What Vegas Taught me about Being 30

I went to Vegas over the weekend to see my favorite band, 311, performing live two days in a row for March 11th, a holiday by the 311 Nation’s standards. The weekend consisted of a little drinking, a little gambling, great music and Panda Express. Vegas changes on a monthly basis (maybe even weekly) and it looks a lot different than it did 9 years ago when Ivana, Brett, Todd and I went out for spring break. This last weekend, I had only planned to have a good time: I hadn’t planned on having an epiphany. But, that’s how epiphanies happen: they come when you least expect them. The awe they create is in the sheer unexpectedness of their arrival.

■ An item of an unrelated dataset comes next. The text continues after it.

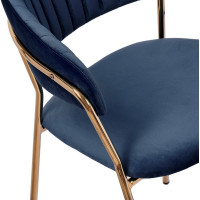 Стул BRADEX Turin синий с золотыми ножками FR 0557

What I knew when I was 21:

You can walk down the strip and drink at the same time.

If you’re a pretty girl, you don’t have to spend a lot of money on drinks.

Gambling is fun.

Waiting in line for clubs is better with drinks, unless you have money, are with people who have money or are a pretty girl, in which case you can skip ahead to the front.

There is never one place you have to be: the whole city is pretty awesome.

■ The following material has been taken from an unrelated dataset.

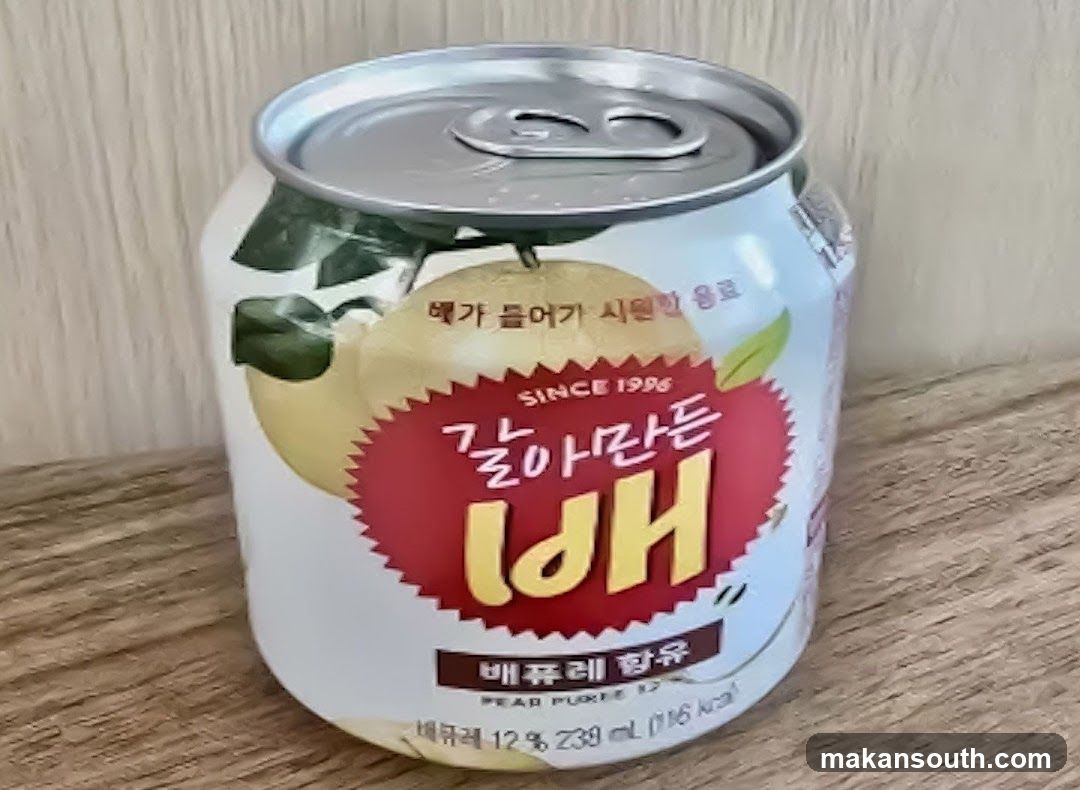 Pear Drink Can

High-heeled shoes were not meant for comfort.

What I know now that I’m 30:

Headless Lenin statue

You can still walk down the strip and drink at the same time; but you can afford better drinks and hold your alcohol better since your liver has had so much more practice. Also, doing high knees across Las Vegas Boulevard, while funny, isn’t very safe. And mooning the drivers is illegal.

If you’re a funny girl, you don’t have to spend a lot of money on drinks. Being pretty doesn’t hurt either, but funny lasts longer and has less expectations.

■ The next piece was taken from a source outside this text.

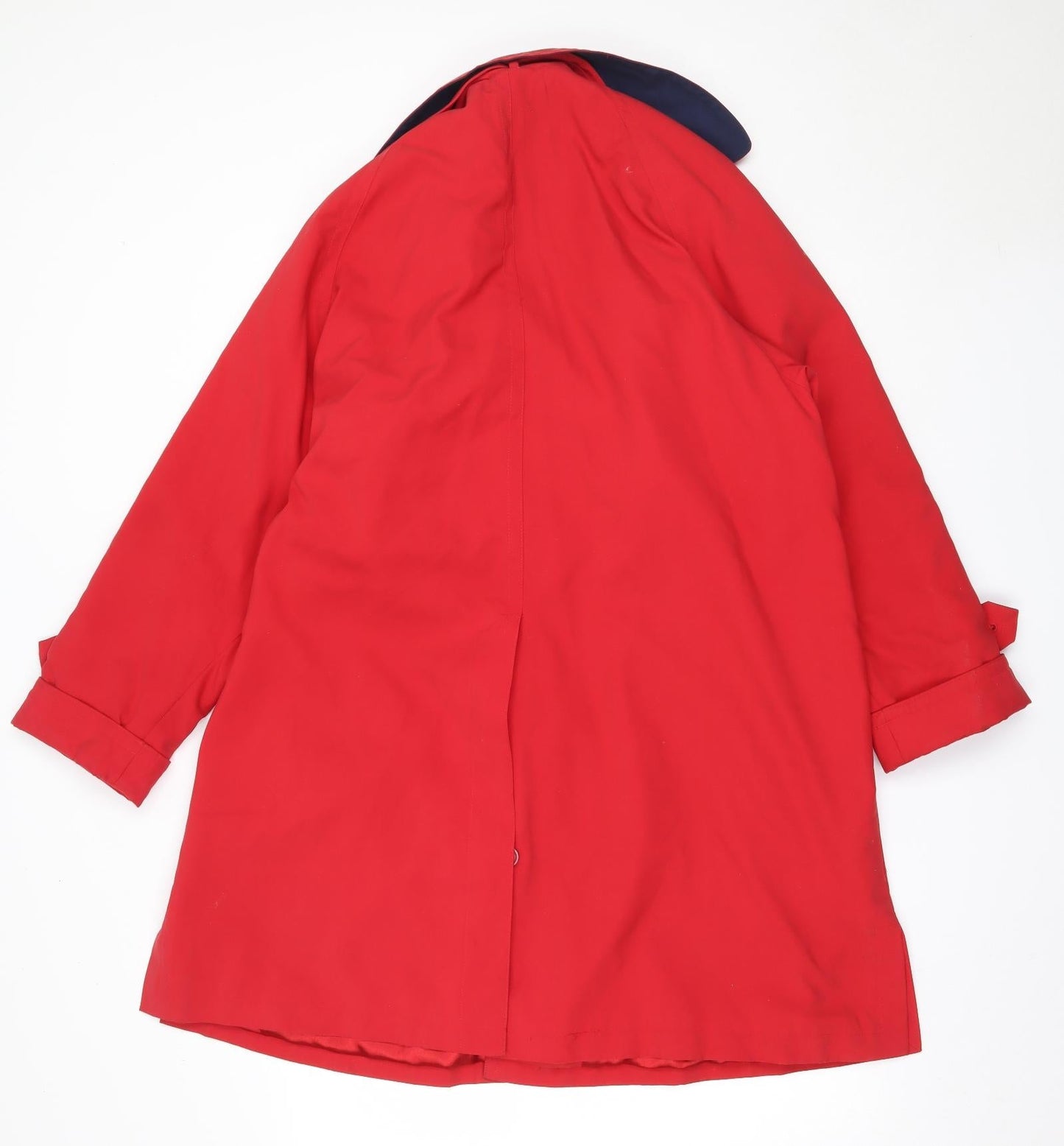 Womens UK Size 38 Canda Red Overcoat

Gambling is fun if you win. It totally sucks if you lose. 30 and broke isn’t fun. 21 and broke is normal. 30 and broke is sad.

Who goes to clubs? I don’t want some slouch sweating all over me: I have a husband for that! Also, who waits in lines? Unless I’ve got a ticket and they’re collecting it at the entrance, and I’ve got a seat somewhere inside, I’m not waiting in a line.

The city is still pretty awesome.

High-heeled shoes are not meant for long-term use. Girls in Vegas seem to remember this at 4 am and walk around without shoes. Walking around barefoot is disgusting; which is why I wore Converse shoes all weekend.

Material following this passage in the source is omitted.